I recently took a break from refugees for a day and visited the past, which is never far away in Košice, or anywhere else in eastern Slovakia. Juraj Kresila, an education professor from nearby Prešov University, picked me up.
Within blocks, that past intervened. The Thália theatre, housed in a former school gym in Košice, still celebrates Hungarian culture in this hometown of the great Hungarian writer Sándor Márai, who – an indication of the strength of Magyar culture in early 20th-century Košice – never learned a word of Slovak growing up here a little over a century ago.

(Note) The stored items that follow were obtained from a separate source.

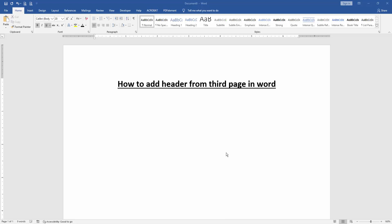Assalamualaikum, hello friends! How are you? Welcome back to our new video. In this video, I am going to show you how to add a header from the third page in Microsoft Word. Let's get started.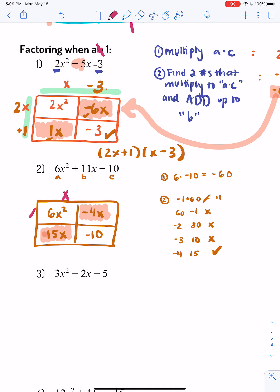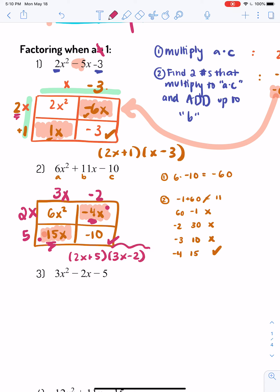Now we fill in the outside pieces. We have x and x. For 6, it could be 6 and 1 or 3 and 2. My intuition says 3 and 2 because 3 times 5 is 15 and 2 times 2 is 4. So 3 goes here because the 15 is here, and 2 goes here because the 4 is here. 2x times negative 2 gives negative 4x, 3x times 5 gives 15x, and negative 2 times 5 gives negative 10. Our factored form is 2x plus 5 times 3x minus 2.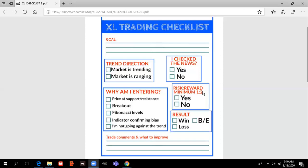Then we move to risk/reward — minimum 1:2. This is actually one of my rules, and you can change this checklist however you want. It is my rule that I only trade when there is a minimum 1:2 risk/reward ratio. So if there is a minimum 1:2 risk/reward, then we enter. However, if there is not — so maybe we have a 1:1 risk/reward — then we don't enter the trade, even if it is a good setup.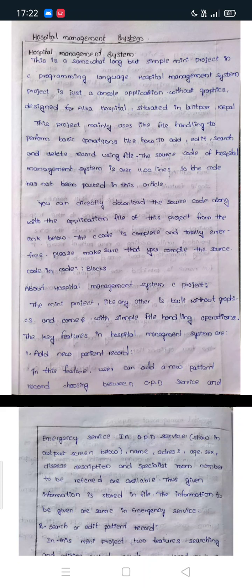You can directly download the source code along with the application files of this project from the link below. The C code is complete and error-free. The mini project, like any other, is built without graphics and comes with simple file handling operations. The key features in Hospital Management System are described below.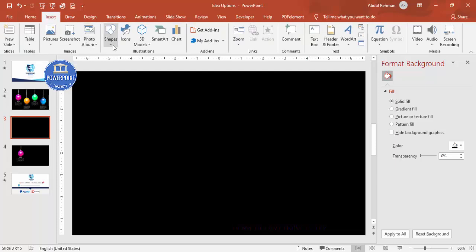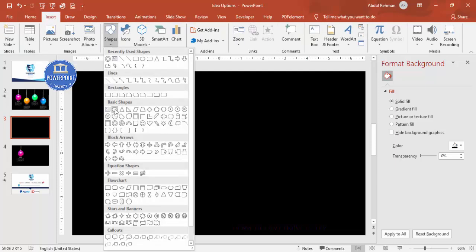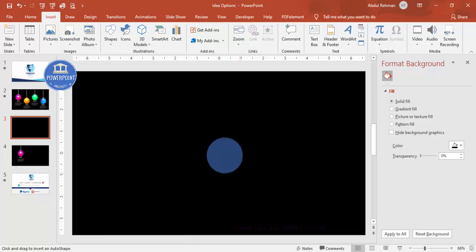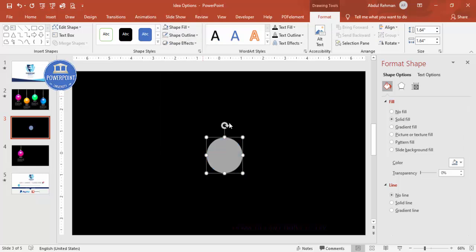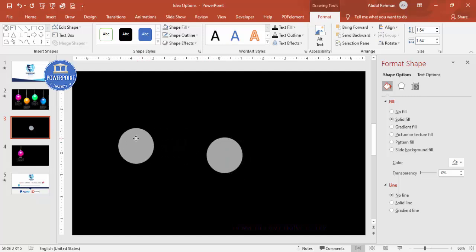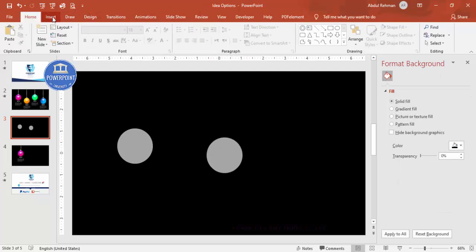Go to Insert Shapes and choose the oval shape. Draw the oval by holding the Shift key. Set shape outline to no outline and shape fill to gray color. Press Ctrl+D to duplicate and keep it aside for now.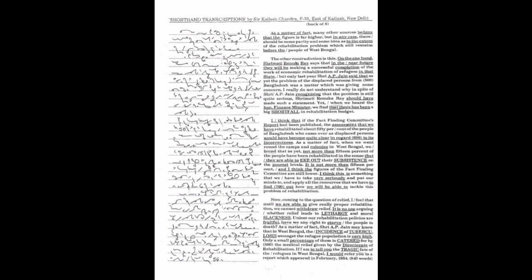It is not more than 15%. And I think the figures of the fact-finding committee are still lower. However, I think this is something that we have to take very seriously and put our minds to and apply all the resources that we have to find out how we will be able to tackle this problem of rehabilitation.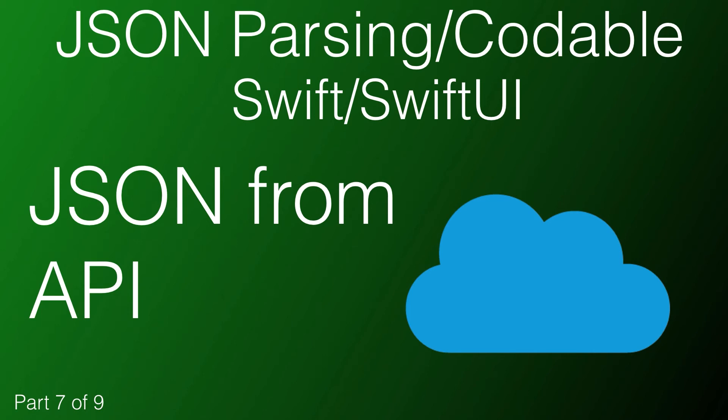Hi, my name is Stuart Lynch, and this is the seventh of a nine-part series on understanding how to parse JSON using the codable protocol in Swift and SwiftUI.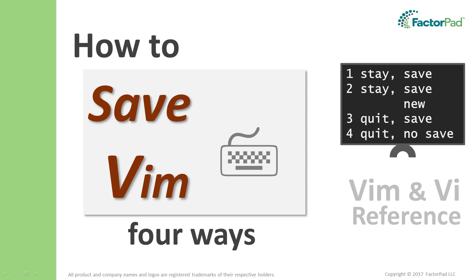Welcome, I'm Paul and today I'll demonstrate four ways to save in Vim so you can start editing faster.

The day before, my refugee aid host Kristína Slezáková had bemoaned Hungary’s old dominance, complaining about 18th-century anti-Habsburg rebel Ferenc II Rákóczi's tomb beneath St. Elisabeth Cathedral’s precious Gothic double spiral stairs, adorned with Hungarian flag ribbons.
“I think Hungarians still think it is theirs,” she said. Though a Slovak Rusyn like Slezáková, Kresila had a different take.
The small wars
“There’s an interesting parallel between Russian-speaking Ukrainians who don't sympathise with Russia’s invasion of Ukraine, and Hungary’s 1938 takeover of southern Slovakia,” he mused. “Both had a taste of democracy. It wasn’t perfect democracy in Czechoslovakia, just like Ukraine’s after 1991, but they [local Hungarian-speakers] no longer had an interest in returning to the authoritarian Hungarian regime.”
I had not even heard of the March 12-17, 1939 Hungarian-Ukrainian and subsequent March 23-31, 1939 Slovak-Hungarian “little wars” – though I had heard that, by 1945, residents of the border region were in some confusion as to whether they’d end up belonging to Czechoslovakia, Hungary or the Soviet Union.